:: Task input ::
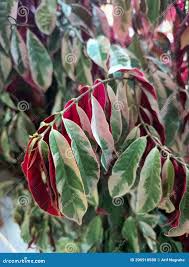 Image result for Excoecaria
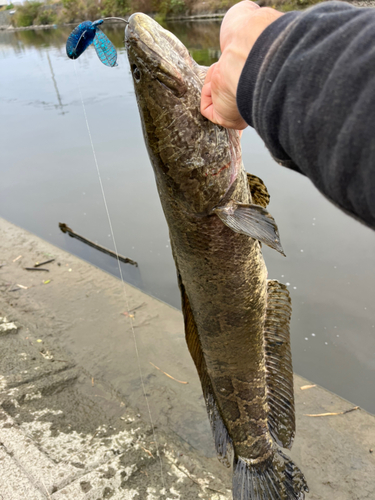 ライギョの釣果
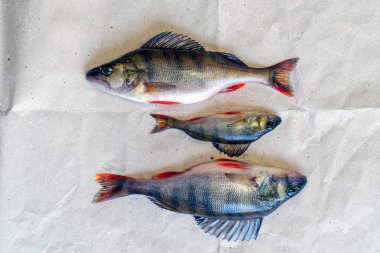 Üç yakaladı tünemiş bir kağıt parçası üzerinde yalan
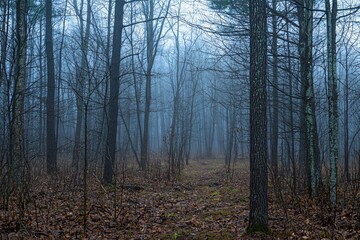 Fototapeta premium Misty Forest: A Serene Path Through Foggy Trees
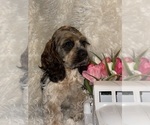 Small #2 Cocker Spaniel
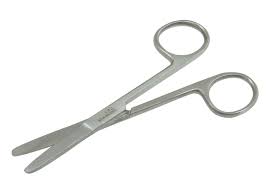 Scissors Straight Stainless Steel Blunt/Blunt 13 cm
==
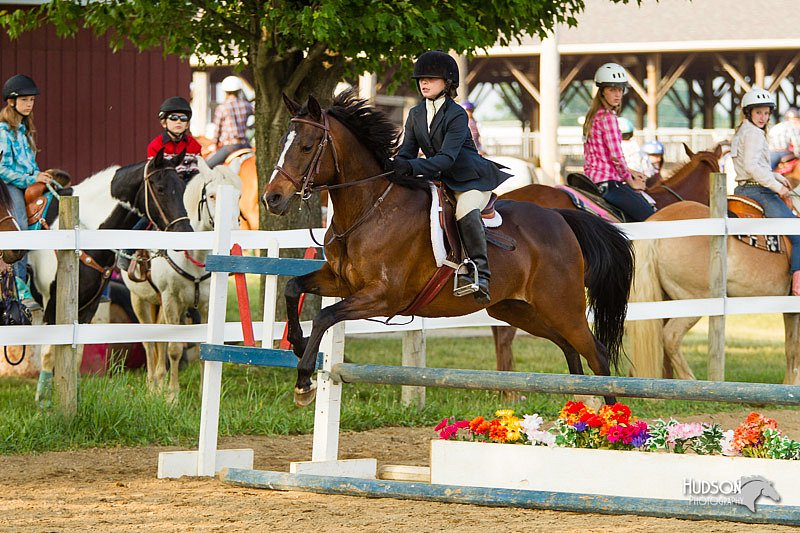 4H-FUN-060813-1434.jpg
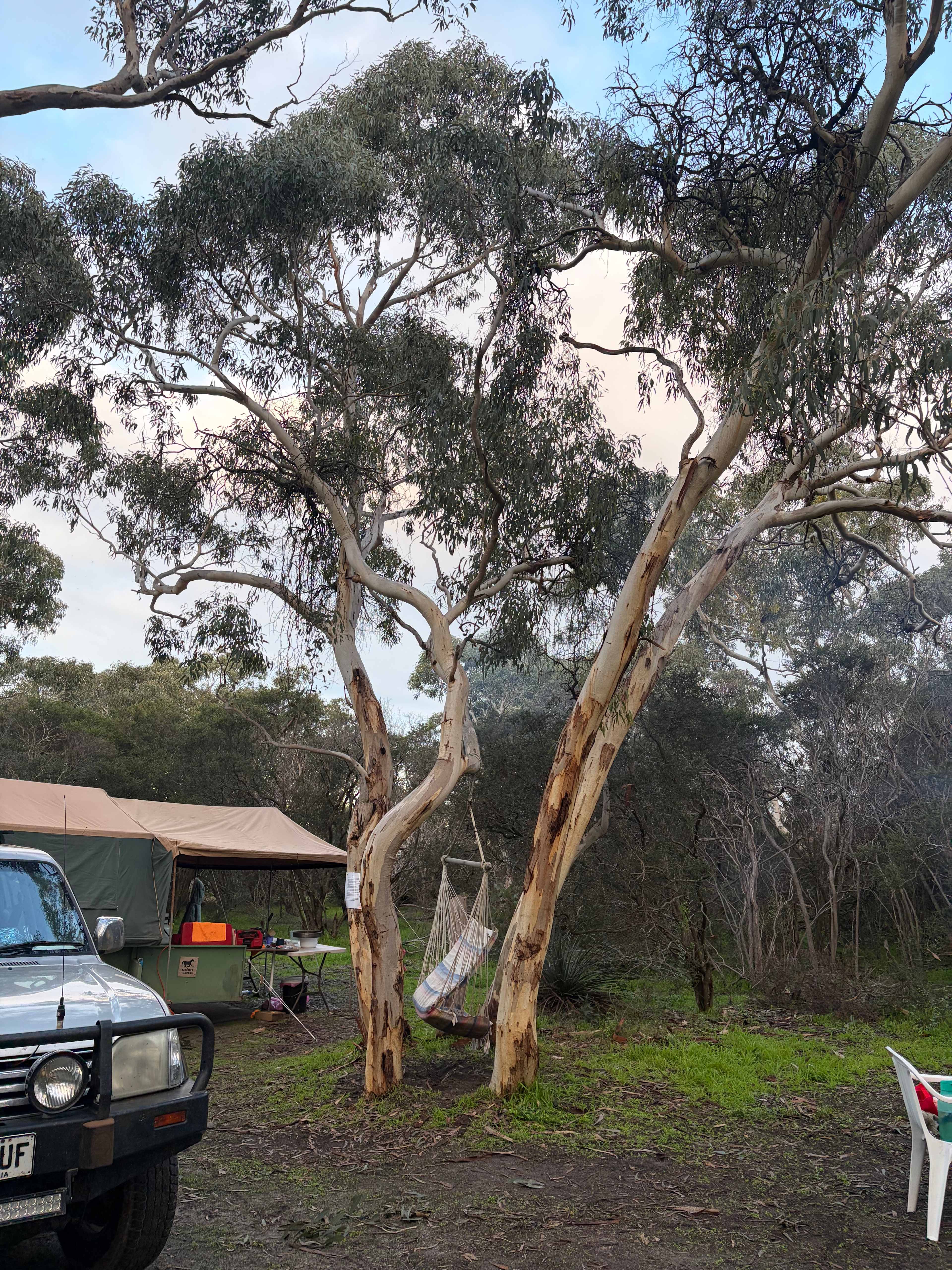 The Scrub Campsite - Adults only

:: Your task ::
Print from the line containing "4H-FUN-060813-1434.jpg" through the line containing "The Scrub Campsite - Adults only" in the data above, exactly as the lines stand, and omit every picture.

:: Solved exercise ::
 4H-FUN-060813-1434.jpg
 The Scrub Campsite - Adults only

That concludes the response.